WHAT YOU HAVE TO DO: Please retype the entries below exactly as they are written.

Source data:
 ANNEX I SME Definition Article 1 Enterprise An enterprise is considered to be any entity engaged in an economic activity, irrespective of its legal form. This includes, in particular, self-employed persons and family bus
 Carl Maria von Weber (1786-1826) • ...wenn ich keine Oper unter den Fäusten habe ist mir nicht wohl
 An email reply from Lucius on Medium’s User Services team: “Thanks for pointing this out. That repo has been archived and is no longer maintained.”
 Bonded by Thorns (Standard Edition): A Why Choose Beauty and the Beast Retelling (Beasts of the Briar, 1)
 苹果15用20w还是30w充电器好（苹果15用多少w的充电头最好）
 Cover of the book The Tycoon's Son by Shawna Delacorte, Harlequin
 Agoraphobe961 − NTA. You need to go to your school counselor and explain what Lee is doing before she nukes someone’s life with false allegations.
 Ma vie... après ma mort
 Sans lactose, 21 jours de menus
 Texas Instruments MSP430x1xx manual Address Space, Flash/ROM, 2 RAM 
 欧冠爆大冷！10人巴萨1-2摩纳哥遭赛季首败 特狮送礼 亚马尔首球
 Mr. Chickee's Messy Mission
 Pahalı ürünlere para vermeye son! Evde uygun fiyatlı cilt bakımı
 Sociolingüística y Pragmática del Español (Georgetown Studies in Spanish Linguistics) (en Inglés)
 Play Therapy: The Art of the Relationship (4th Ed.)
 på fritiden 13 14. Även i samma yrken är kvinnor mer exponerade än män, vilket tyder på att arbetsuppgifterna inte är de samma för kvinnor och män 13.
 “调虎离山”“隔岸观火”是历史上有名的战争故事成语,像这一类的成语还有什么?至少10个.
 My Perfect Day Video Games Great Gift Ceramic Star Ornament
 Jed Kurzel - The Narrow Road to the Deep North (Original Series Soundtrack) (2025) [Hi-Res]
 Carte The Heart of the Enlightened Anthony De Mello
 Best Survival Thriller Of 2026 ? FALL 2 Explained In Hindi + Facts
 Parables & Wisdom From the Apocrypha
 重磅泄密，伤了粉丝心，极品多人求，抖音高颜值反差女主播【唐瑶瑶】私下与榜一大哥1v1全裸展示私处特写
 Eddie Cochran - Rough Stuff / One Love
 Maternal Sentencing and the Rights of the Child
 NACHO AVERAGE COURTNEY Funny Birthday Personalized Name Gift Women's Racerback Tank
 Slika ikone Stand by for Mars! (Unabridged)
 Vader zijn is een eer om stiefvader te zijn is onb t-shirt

RESPONSE:
 ANNEX I SME Definition Article 1 Enterprise An enterprise is considered to be any entity engaged in an economic activity, irrespective of its legal form. This includes, in particular, self-employed persons and family bus
 Carl Maria von Weber (1786-1826) • ...wenn ich keine Oper unter den Fäusten habe ist mir nicht wohl
 An email reply from Lucius on Medium’s User Services team: “Thanks for pointing this out. That repo has been archived and is no longer maintained.”
 Bonded by Thorns (Standard Edition): A Why Choose Beauty and the Beast Retelling (Beasts of the Briar, 1)
 苹果15用20w还是30w充电器好（苹果15用多少w的充电头最好）
 Cover of the book The Tycoon's Son by Shawna Delacorte, Harlequin
 Agoraphobe961 − NTA. You need to go to your school counselor and explain what Lee is doing before she nukes someone’s life with false allegations.
 Ma vie... après ma mort
 Sans lactose, 21 jours de menus
 Texas Instruments MSP430x1xx manual Address Space, Flash/ROM, 2 RAM 
 欧冠爆大冷！10人巴萨1-2摩纳哥遭赛季首败 特狮送礼 亚马尔首球
 Mr. Chickee's Messy Mission
 Pahalı ürünlere para vermeye son! Evde uygun fiyatlı cilt bakımı
 Sociolingüística y Pragmática del Español (Georgetown Studies in Spanish Linguistics) (en Inglés)
 Play Therapy: The Art of the Relationship (4th Ed.)
 på fritiden 13 14. Även i samma yrken är kvinnor mer exponerade än män, vilket tyder på att arbetsuppgifterna inte är de samma för kvinnor och män 13.
 “调虎离山”“隔岸观火”是历史上有名的战争故事成语,像这一类的成语还有什么?至少10个.
 My Perfect Day Video Games Great Gift Ceramic Star Ornament
 Jed Kurzel - The Narrow Road to the Deep North (Original Series Soundtrack) (2025) [Hi-Res]
 Carte The Heart of the Enlightened Anthony De Mello
 Best Survival Thriller Of 2026 ? FALL 2 Explained In Hindi + Facts
 Parables & Wisdom From the Apocrypha
 重磅泄密，伤了粉丝心，极品多人求，抖音高颜值反差女主播【唐瑶瑶】私下与榜一大哥1v1全裸展示私处特写
 Eddie Cochran - Rough Stuff / One Love
 Maternal Sentencing and the Rights of the Child
 NACHO AVERAGE COURTNEY Funny Birthday Personalized Name Gift Women's Racerback Tank
 Slika ikone Stand by for Mars! (Unabridged)
 Vader zijn is een eer om stiefvader te zijn is onb t-shirt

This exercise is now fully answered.